Terry, who's partially inspired by James's conversations with former U.S. Attorney General Eric Holder, also believes his experience and race work against him. Although he’s leading the investigation, he and the more experienced Akino clash over approach. (Akino’s savvy brilliance is muddled by her personal problems.) Still, James says Terry is able to learn from his more seasoned colleague: “Being in a position of authority doesn’t mean you can’t take a page out of a more experienced person’s book.” Race plays a larger factor, because the idealistic Terry doesn’t want to be seen as the token black deployed by the government due to the shooting’s “optics,” nor does he want to be branded a sellout for investigating another black man. Throughout Shots Fired’s 10 hours, the cracks in the facade of his ideals deepen as he learns the world isn’t as black and white as he’d like it to be.

“There are injustices and flaws within the world,” James adds. “This gets broken down to Preston much like I feel it’s broken down to the audience.” And he isn’t the only character who receives an aggressive lesson in how systems test those who work to uphold them.

Deputy Joshua Beck’s (Wilds) life is uprooted by the shooting. As the lone black police officer in a predominantly black town where police mistrust is learned during life's primary years, his relationship with the public is already strained. Shots Fired shows the impact the incident has on Beck and his family, as well as how he’s portrayed by the media, received by his colleagues, and handled by his superiors. He’s ostracized by the people he swore to protect and serve; scrutinized by the very system he’s committed to. According to Prince-Bythewood, this look behind the shield was essential.

“It was important to show a black police officer being investigated and treated differently than his white counterparts,” she notes.

Shots Fired’s reversals aim to deviate from what the showrunners describe as “microwaved” storytelling. They’re the product of a thorough research process, christened “Shots Fired University,” which involved multiple conversations with experts.

“The DOJ investigator we met through our research was really the foundation for Ashe’s character,” Prince-Bythewood says. “She’s fascinating, because where many outside of law enforcement believe people are inherently good, she believes they’re born bad and need to be taught to be good. It’s based on her experience in law enforcement. Her example was that when you have a child, you have to teach them not to hit, not to bite, and to share. It’s something we had the opportunity to explore: who people are at their core, and if you’re a good person who does something bad, does that make you a bad person?”

A range of opinions were solicited with the intention of making Shots Fired relatable to a wider audience. For Bythewood, it was a fascinating exercise—especially when they disagreed with the arguments heard during the research portion of production.

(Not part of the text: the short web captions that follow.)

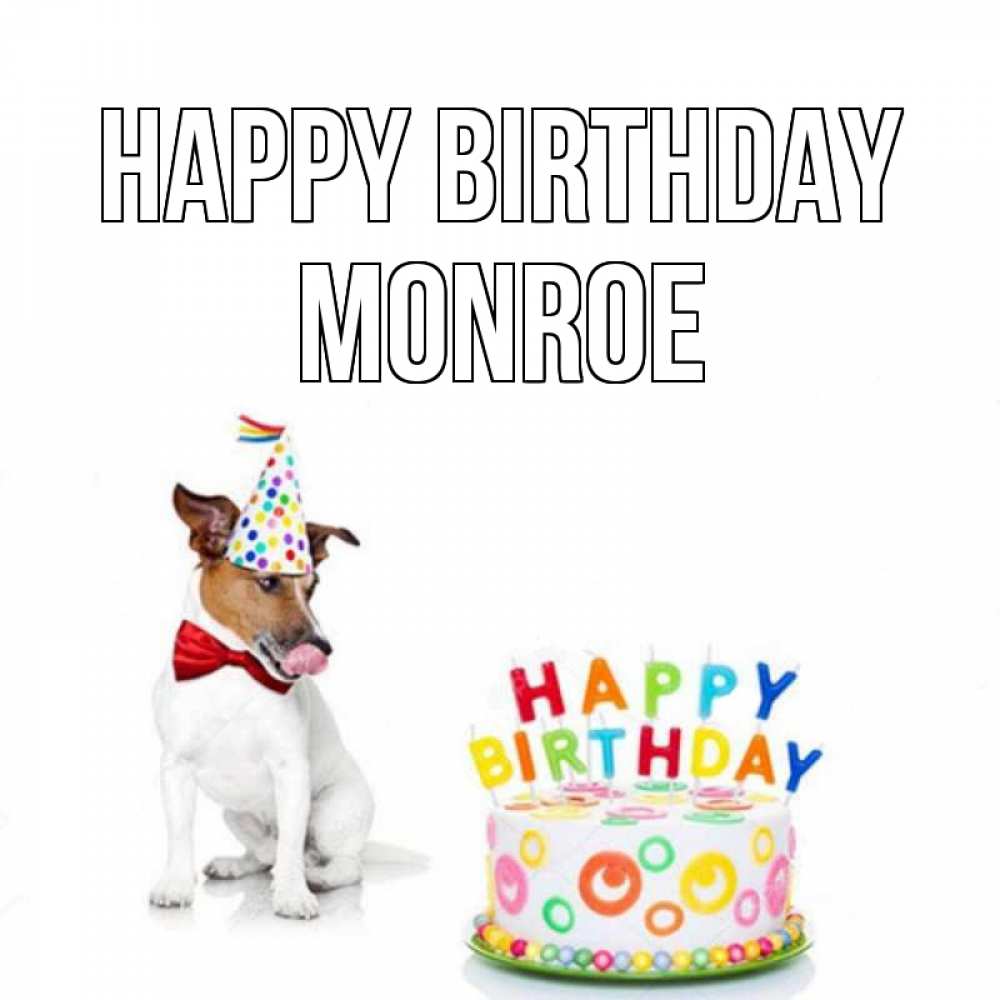 Greetings card с именем, Monroe Happy Birthday праздник Greetings with text for free download 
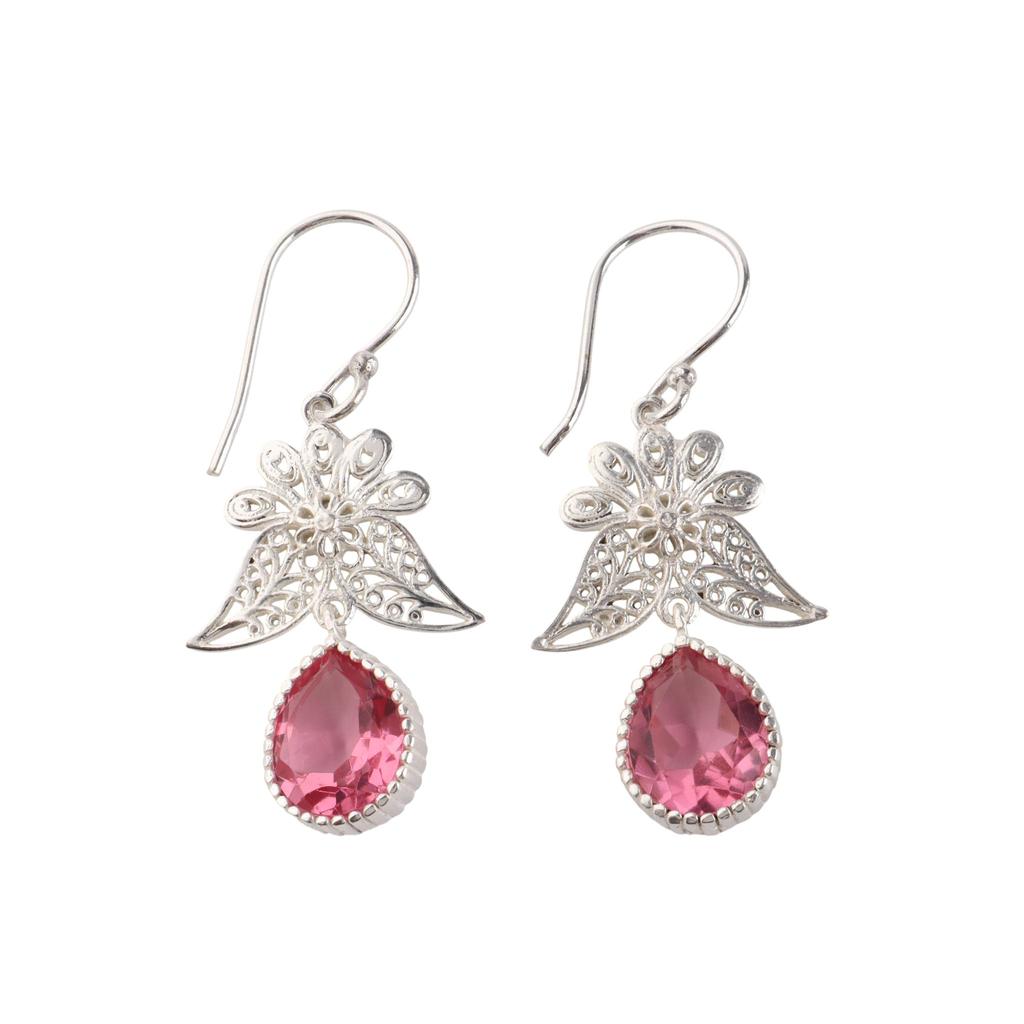 Natural Pink Tourmaline Gemstone 925 Stamped Silver Handmade Jewelry Partywear Hook Earrings 1.84" For Wedding CE-23-5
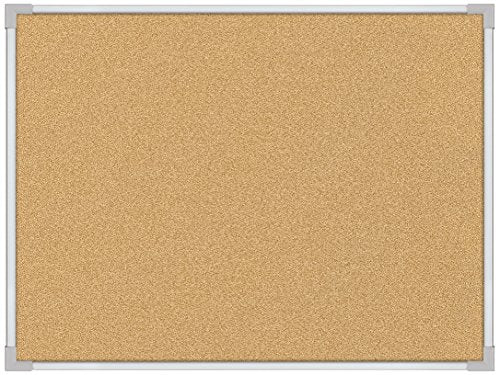 Best-Rite 4 x 6 Feet VT Logic Natural Cork Bulletin Board, Silver Ultra Trim (E3019G)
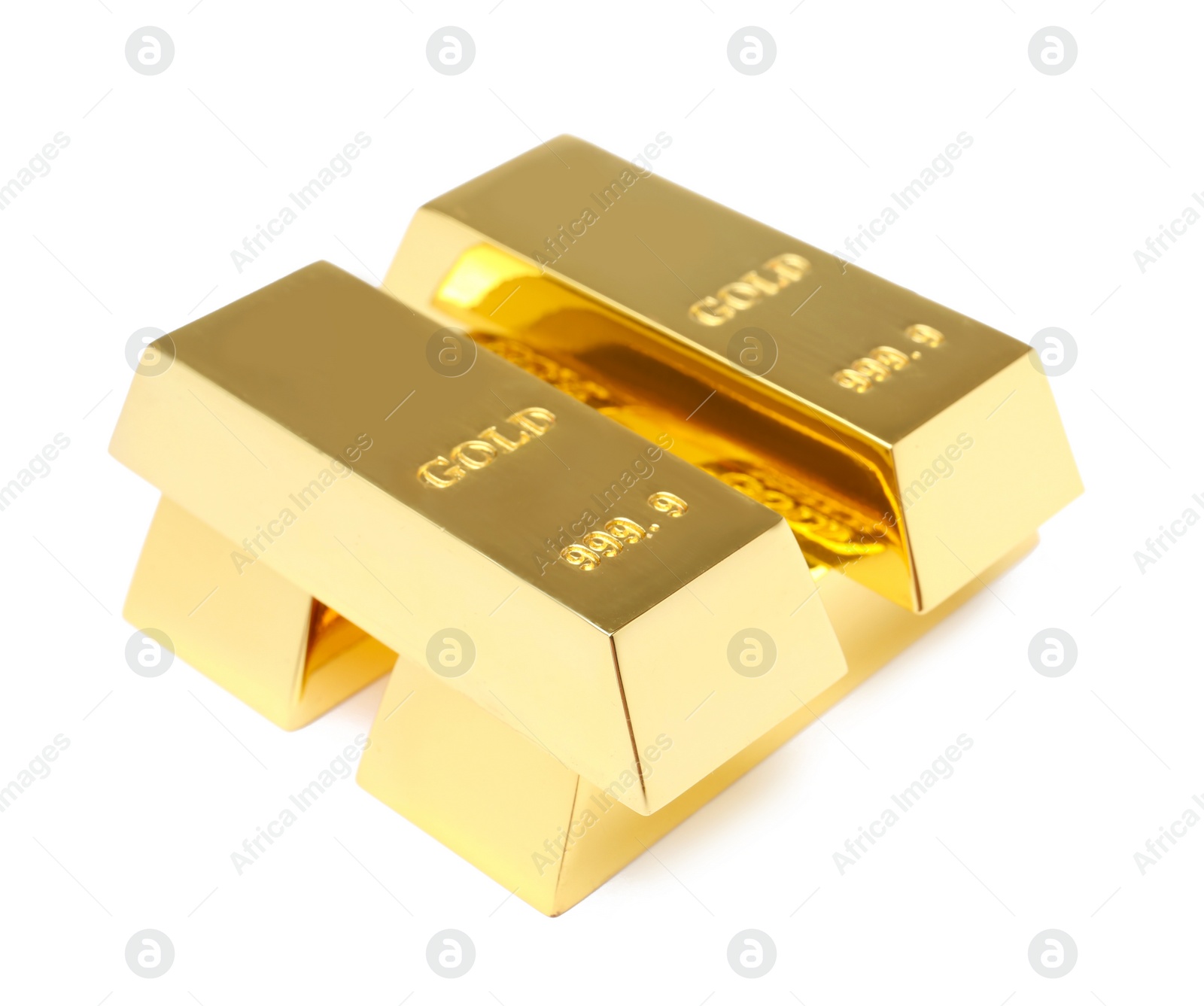 Photo of Precious shiny gold bars on white background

“We also spoke with Eric Holder and Wanda Johnson, who’s the mother of Oscar Grant,” he says. “We also spoke with Ray Kelly, who was commissioner of the NYPD. We talked to a lot of law enforcement professionals, pastors, and activists. It was really great to hear so many different points of view, and I think that’s reflected in our storytelling.”

The investigation at Shots Fired’s center doubles as an exploration of race’s intersection with politics—from power dynamics between peers, to local and federal government. It threads a needle between abuse of power, unspoken codes, hidden agendas, and human nature. Shots Fired argues that where there’s smoke, there’s fire, and that some embers can’t be snuffed out by authority. And in pursuit of the truth, we often learn things are more convoluted than black and white.

Plenty will call Shots Fired “timely,” but it’s rooted in history. It’s based on things the aware know to be true about society, while exposing the particulars the public isn’t always privy to. For example, we got a glimpse of who Darren Wilson was when he referred to Michael Brown  as “it” during his 2014 grand jury testimony following the 18-year-old’s death at his hands. Now we learn, via Wilson, that he and other Ferguson, Mo. police officers referred to black people as worse.

As Shots Fired exhibits, this is what you learn when you place society in your crosshairs.